The 1876 US presidential election is back in play, at least for those gaming out every small detail of what might—or might not—happen in the aftermath of November 3. And, for once, it seems necessary to include that usually redundant ‘or not’.

Complicating that particular gaming scenario, though, is the Blue Wave of 2018 that might actually have done something no one was thinking about at the time - protecting the integrity of the much-maligned electoral college.

But first, as they say, some background.

Hallmarks of Fascism?

In ‘The election that could break America’ Barton Gellman details a variety of scenarios the Trump campaign and its surrogates are developing to establish a framework to discredit any result except a Trump win. It is a playbook part 1920s Italian fascism, part Viktor Orbán meets Jarosław Kaczyński, and part US electoral politics as they used to be done, but with a kick in the tail.

As early as March 2016 Jeffrey Herf identified “plenty of room for discomfort”, and that “We know what can happen when politicians who speak and act like Donald Trump gain power, even if they do so by using the instruments of democracy. With fear and anger unloosed in the land, much can happen, nearly all of it very bad. Trump can be stopped, but for that to happen we need to take the threat he poses seriously and to remember the lessons of the not so distant past”.

Herf was essentially applying the analysis of Robert O. Paxton, who identified not a stable policy platform, but a series of ‘mobilising passions’ as the hallmark of Fascism. These include an open assault on democracy, the call for a strongman, a contempt for human weakness, an appeal to national greatness, an investment in the language of cultural decline, the suppression of dissent, a propensity for violence, disdain for intellectuals, and fantasies of racial superiority.

It is a strategy now clearly being deployed by the US Department of Justice, led by Attorney General William P. Barr, who on 11 October 2019 told a closed-door gathering at the University of Notre Dame’s de Nicola Center for Ethics and Culture that: “… the force, fervor, and comprehensiveness of the assault on religion we are experiencing today… is not decay; it is organised destruction” and promised that “… as long as I am Attorney General, the Department of Justice will be at the forefront of this effort, ready to fight for the most cherished of our liberties”, with that word ‘our’ being regularly deployed throughout the speech as exclusionary in the sense of ‘us against them’.

Joshua Geltzer, a former deputy legal adviser at the National Security Council, is clear there is ample evidence on the ground that Barr is deploying lessons that Orbán took on board after his 2002 electoral defeat. After his 2002 failure, Orbán, as Viktória Serdült recounts, quickly blamed ‘left-wing and liberal journalists’ for his downfall: “His big mistake, he told his biographer at the time, was that he had insufficiently influenced the media. But after coming back to power in 2010, it was not only the media he started transforming: he has spent the last eight years cementing his power, including meddling with the electoral system, getting a super-majority in parliament and taking over the courts”.
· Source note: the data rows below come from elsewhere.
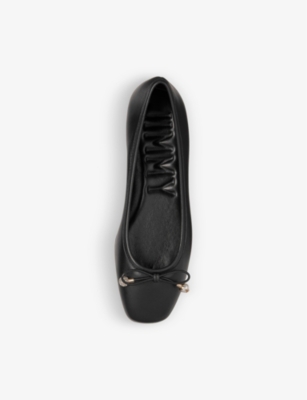 Jimmy Choo Ballet Shoes With Round Head And Flat Soles In Black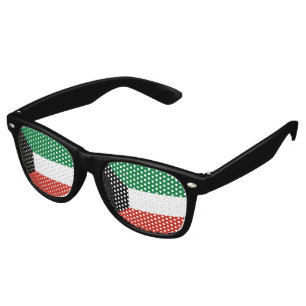 Kuwait flag retro sunglasses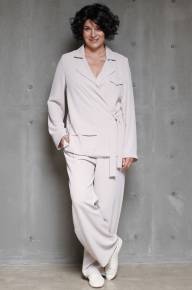 Брюки палаццо с лампасом - Брюки палаццо с лампасом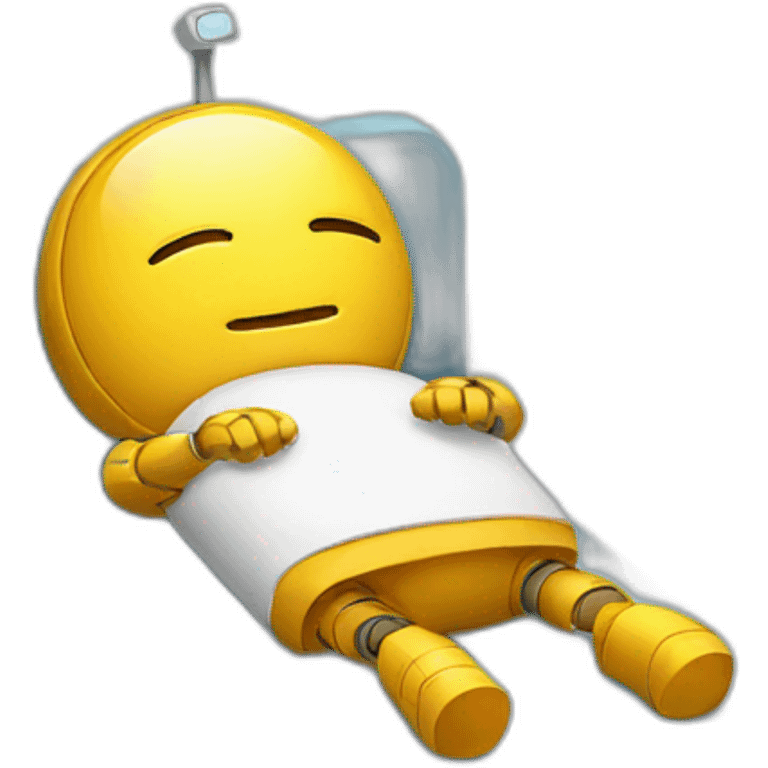 sleeping robot emoji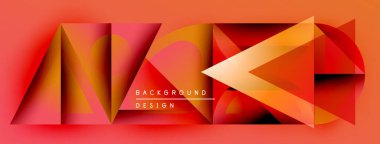 Soyut geometrik şekiller, canlı kırmızı renkler, dinamik kompozisyon. Modern tasarım elementleri görsel ilgi ve doku yaratır. Arkaplanda derinlik ve enerji var..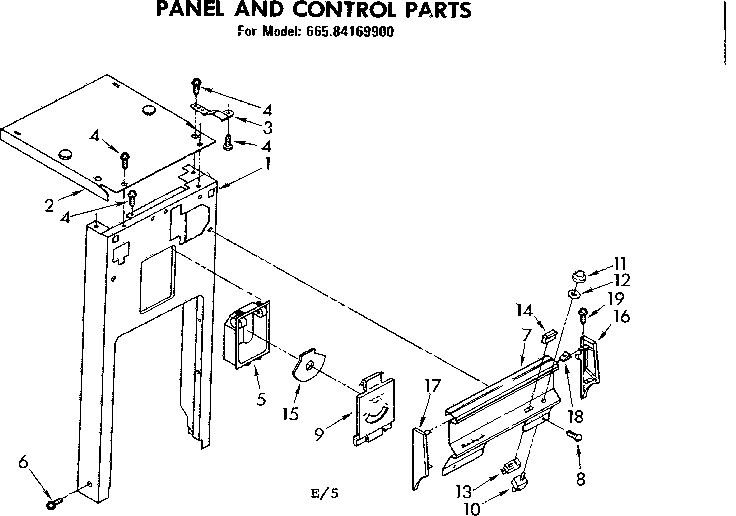 Panel and control parts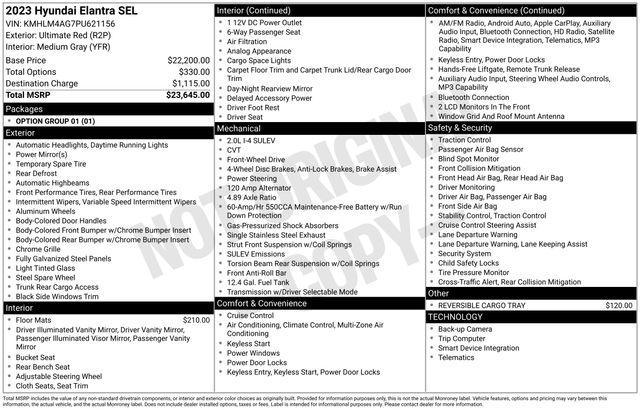 2023 Hyundai Elantra SEL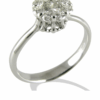 Anello solitario BOCCIOLO oro e diamanti Art. AN2827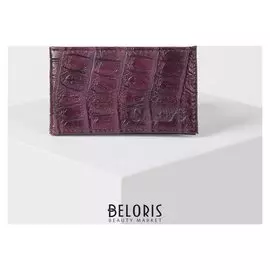 Визитница горизонтальная, 1 ряд, 18 листов, цвет бордовый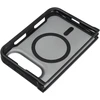 Dėklas iPhone Duo Forcell F-Protect 4sD-i Smoke Hybrid Premium, suderinamas su MagSafe, juodas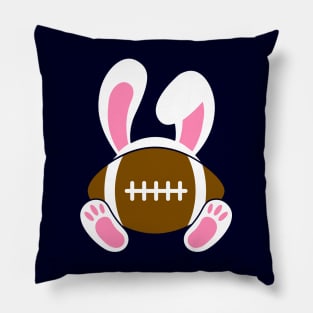 Football Easter bunny with rabbit ears bunny feet Pillow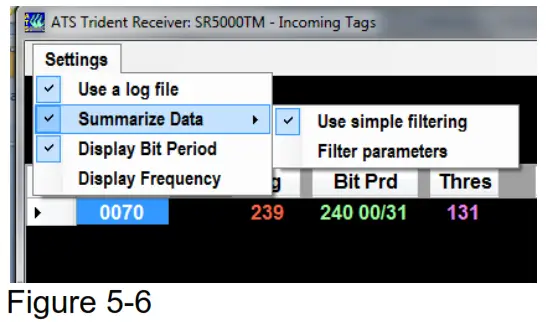 ADVANCED TELEMETRY SYSTEMS SR3001 Trident JSATS Autonomous Node Receiver - Figure 5-6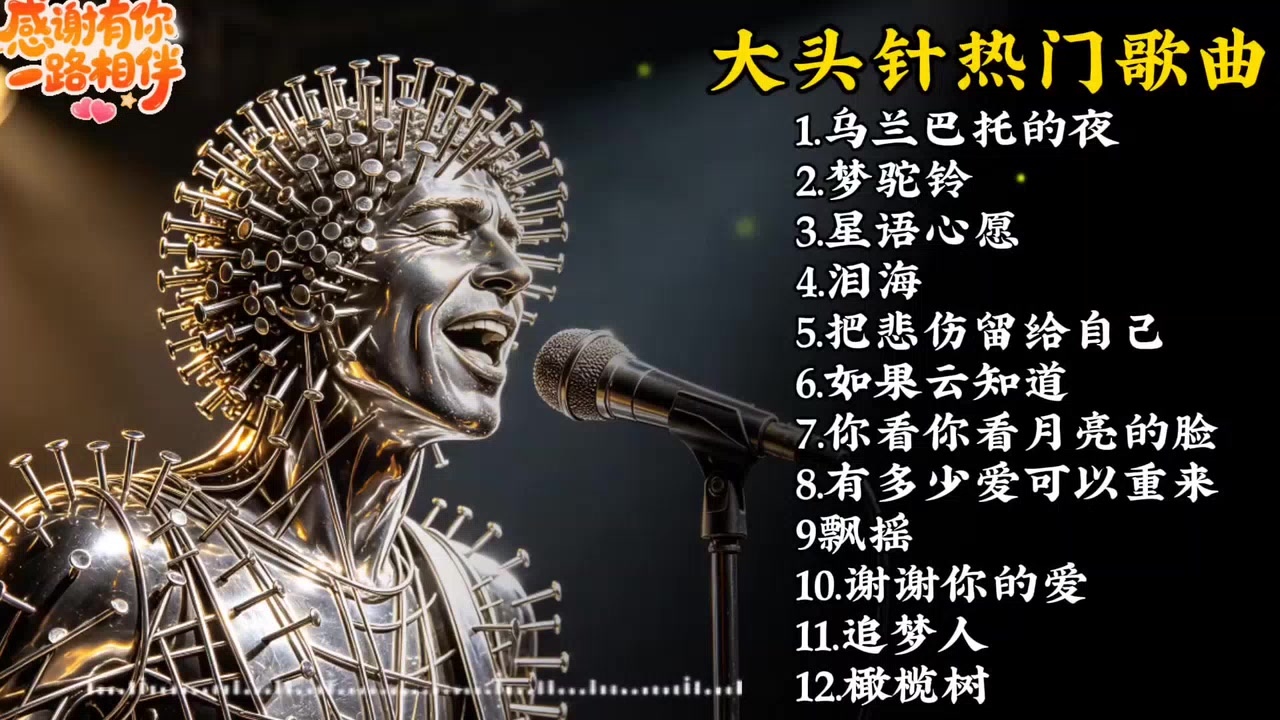 【2026网络歌曲】 大头针歌手激情演绎12首经典金曲，带你重温经典瞬间！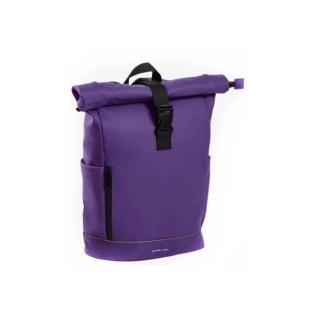 Rucsac unisex impermeabil, pentru laptop de 15.6 inch,  Daniel Ray, seria Highlands M, Mov inchis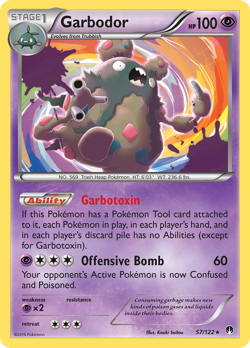 Garbodor 57/122 BREAKpoint Holo Rare NM 2016 Reverse Holo - Image 2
Meanwhile, in Portland, OR, the Department of Justice and FBI officials are examining local and state police records to identify people they can charge under Federal laws, including, for example, charging protestors on public roads with disrupting interstate commerce. This is a Federal rather than state offence that has traditionally been used as a tool to help ensure effective competition in interstate commerce. Such federalisation of criminal indictment echoes the ’Law and Order’ message Republicans routinely fall back on, but it also seeks to identify law and order with the party and the national state, as is the case with PiS’s (Prawo i Sprawiedliwość) merging of cultural and security messaging.

By blocking judicial nominees for much of Barack Obama’s second term, Senate Majority Leader Mitch McConnell has also been able to oversee Trump’s appointment of almost a quarter of all active federal judges in the United States, and it looks likely that Trump will manage to have a third nominee approved to the Supreme Court before his term in office ends.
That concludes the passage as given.